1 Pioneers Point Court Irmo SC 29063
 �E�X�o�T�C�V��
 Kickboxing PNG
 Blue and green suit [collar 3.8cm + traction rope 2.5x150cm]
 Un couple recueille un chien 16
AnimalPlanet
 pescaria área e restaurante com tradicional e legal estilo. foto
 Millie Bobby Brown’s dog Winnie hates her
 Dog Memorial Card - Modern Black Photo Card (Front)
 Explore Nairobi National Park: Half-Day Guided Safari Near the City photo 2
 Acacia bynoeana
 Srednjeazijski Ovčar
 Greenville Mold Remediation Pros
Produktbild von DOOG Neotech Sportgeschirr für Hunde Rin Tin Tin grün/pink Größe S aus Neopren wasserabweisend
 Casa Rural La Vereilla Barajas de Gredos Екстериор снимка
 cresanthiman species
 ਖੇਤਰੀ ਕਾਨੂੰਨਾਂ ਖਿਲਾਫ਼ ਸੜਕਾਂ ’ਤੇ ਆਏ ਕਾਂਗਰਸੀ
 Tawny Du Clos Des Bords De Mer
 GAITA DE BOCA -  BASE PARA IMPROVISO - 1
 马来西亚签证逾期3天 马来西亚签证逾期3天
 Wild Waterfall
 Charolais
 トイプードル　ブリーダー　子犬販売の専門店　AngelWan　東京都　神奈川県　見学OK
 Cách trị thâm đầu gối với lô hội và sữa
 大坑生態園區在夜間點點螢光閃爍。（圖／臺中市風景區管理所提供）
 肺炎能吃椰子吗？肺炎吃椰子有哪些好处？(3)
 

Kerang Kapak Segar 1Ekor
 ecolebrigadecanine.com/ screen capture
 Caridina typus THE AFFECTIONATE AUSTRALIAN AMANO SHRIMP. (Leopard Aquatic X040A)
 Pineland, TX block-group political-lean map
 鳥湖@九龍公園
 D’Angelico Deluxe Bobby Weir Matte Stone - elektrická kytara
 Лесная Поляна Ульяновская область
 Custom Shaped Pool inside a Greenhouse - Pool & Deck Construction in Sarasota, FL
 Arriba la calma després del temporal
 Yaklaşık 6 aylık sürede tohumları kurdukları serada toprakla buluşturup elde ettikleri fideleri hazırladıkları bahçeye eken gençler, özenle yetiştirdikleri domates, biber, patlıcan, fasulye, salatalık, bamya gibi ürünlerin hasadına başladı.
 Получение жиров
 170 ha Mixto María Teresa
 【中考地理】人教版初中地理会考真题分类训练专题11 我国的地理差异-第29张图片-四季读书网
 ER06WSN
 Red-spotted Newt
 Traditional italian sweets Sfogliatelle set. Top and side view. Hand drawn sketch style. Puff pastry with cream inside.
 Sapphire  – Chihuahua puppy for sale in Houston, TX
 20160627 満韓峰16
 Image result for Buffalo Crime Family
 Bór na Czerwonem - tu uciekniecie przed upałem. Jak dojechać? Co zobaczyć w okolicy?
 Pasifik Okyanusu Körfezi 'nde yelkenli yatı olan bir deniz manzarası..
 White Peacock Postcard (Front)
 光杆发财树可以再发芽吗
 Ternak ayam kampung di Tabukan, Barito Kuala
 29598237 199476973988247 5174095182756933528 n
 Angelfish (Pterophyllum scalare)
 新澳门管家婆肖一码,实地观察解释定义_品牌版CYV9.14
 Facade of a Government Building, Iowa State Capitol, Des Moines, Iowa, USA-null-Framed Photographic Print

- **Instructions to follow**
Give back exactly the lines above starting at the line where "Greenville Mold Remediation Pros" appears and ending at the line where "Cách trị thâm đầu gối với lô hội và sữa" appears, both included, with no other lines.

- **Solution to the problem**
 Greenville Mold Remediation Pros
Produktbild von DOOG Neotech Sportgeschirr für Hunde Rin Tin Tin grün/pink Größe S aus Neopren wasserabweisend
 Casa Rural La Vereilla Barajas de Gredos Екстериор снимка
 cresanthiman species
 ਖੇਤਰੀ ਕਾਨੂੰਨਾਂ ਖਿਲਾਫ਼ ਸੜਕਾਂ ’ਤੇ ਆਏ ਕਾਂਗਰਸੀ
 Tawny Du Clos Des Bords De Mer
 GAITA DE BOCA -  BASE PARA IMPROVISO - 1
 马来西亚签证逾期3天 马来西亚签证逾期3天
 Wild Waterfall
 Charolais
 トイプードル　ブリーダー　子犬販売の専門店　AngelWan　東京都　神奈川県　見学OK
 Cách trị thâm đầu gối với lô hội và sữa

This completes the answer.